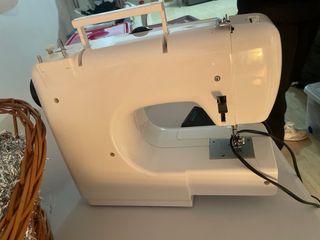 Máquina de coser Lervia eléctrica venta en person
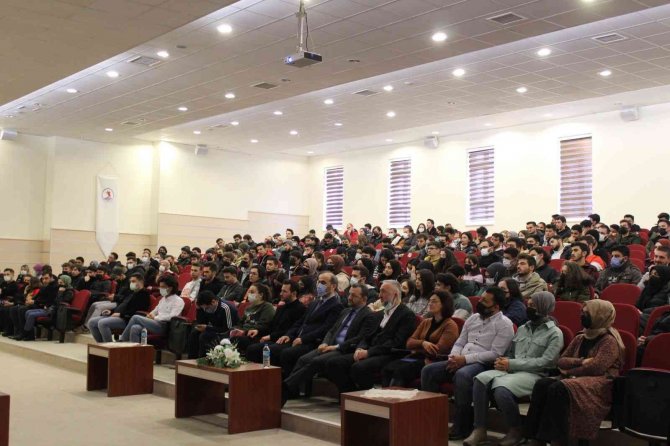 Omü’lü Öğrencilere Muharip Yapay Zeka Anlatıldı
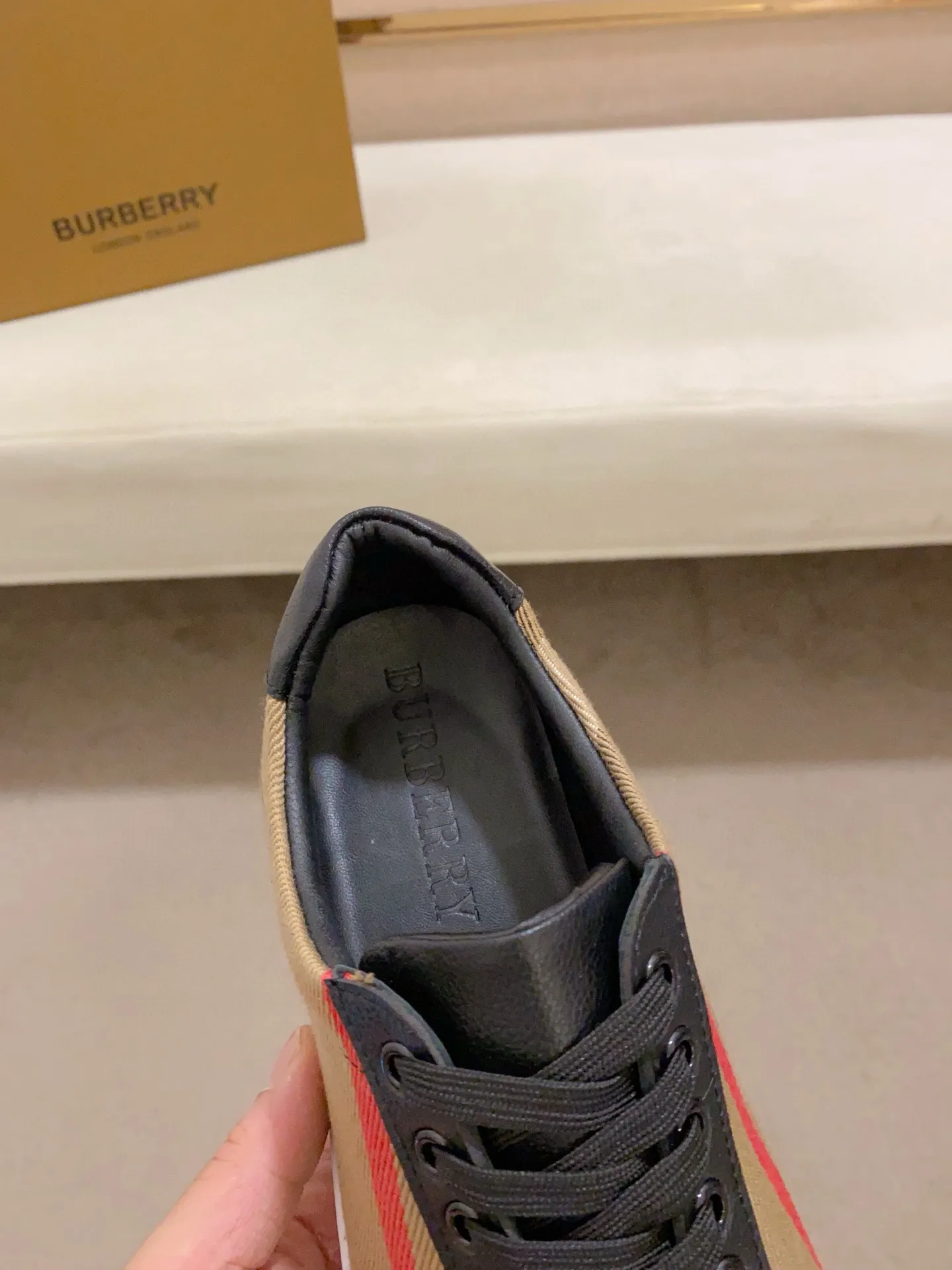 Men's shoes 💰: 400💰🥳◾️▫️The new Burberry men's classic low-top sneakers are reinterpreted with Vintage retro plaid cotton material and calfskin, decorated with a new brand logo. First-layer sheepskin lining, embossed Burberry logo on the heel, and original TPU outsole! Code number: 38-44. Can be customized45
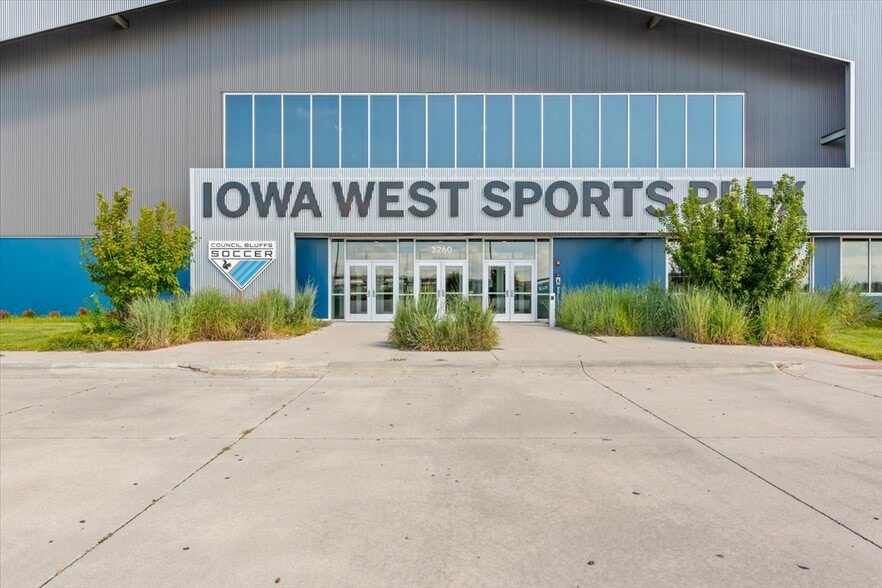 More Photos Of 3260 Mid America Dr, Council Bluffs Sports And Entertainment For Lease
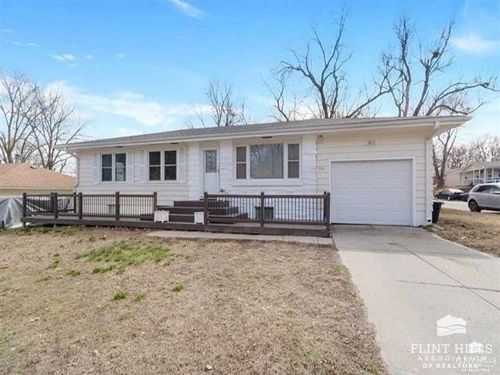 721 W Pine St, Junction City, KS, 66441-3619 | Card Image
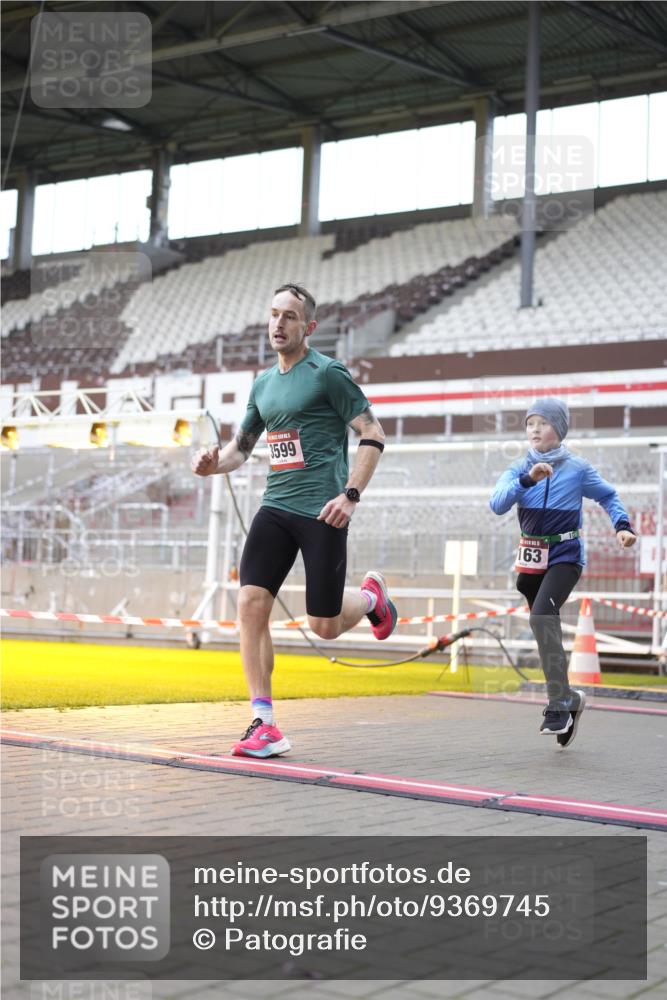 07.12.2025 - St. Pauli X-Mass-Run No. 15 Patografie http://msf.ph/oto/9369745 07.12.2025 11:28:10 Ziel 2138, 2139, 2162, 2163, 2164, 3057, 3063, 3074, 3599, 3670, 4644, 4653, 4655 meine-sportfotos.de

▶ _EXERCISE BRIEF_: Repeat the full set of records exactly, and output no pictures.

▶ _ANSWER TO THIS PROBLEM_:
 Máquina de coser Lervia eléctrica venta en person
 Omü’lü Öğrencilere Muharip Yapay Zeka Anlatıldı
 Men's shoes 💰: 400💰🥳◾️▫️The new Burberry men's classic low-top sneakers are reinterpreted with Vintage retro plaid cotton material and calfskin, decorated with a new brand logo. First-layer sheepskin lining, embossed Burberry logo on the heel, and original TPU outsole! Code number: 38-44. Can be customized45
 More Photos Of 3260 Mid America Dr, Council Bluffs Sports And Entertainment For Lease
 721 W Pine St, Junction City, KS, 66441-3619 | Card Image
 07.12.2025 - St. Pauli X-Mass-Run No. 15 Patografie http://msf.ph/oto/9369745 07.12.2025 11:28:10 Ziel 2138, 2139, 2162, 2163, 2164, 3057, 3063, 3074, 3599, 3670, 4644, 4653, 4655 meine-sportfotos.de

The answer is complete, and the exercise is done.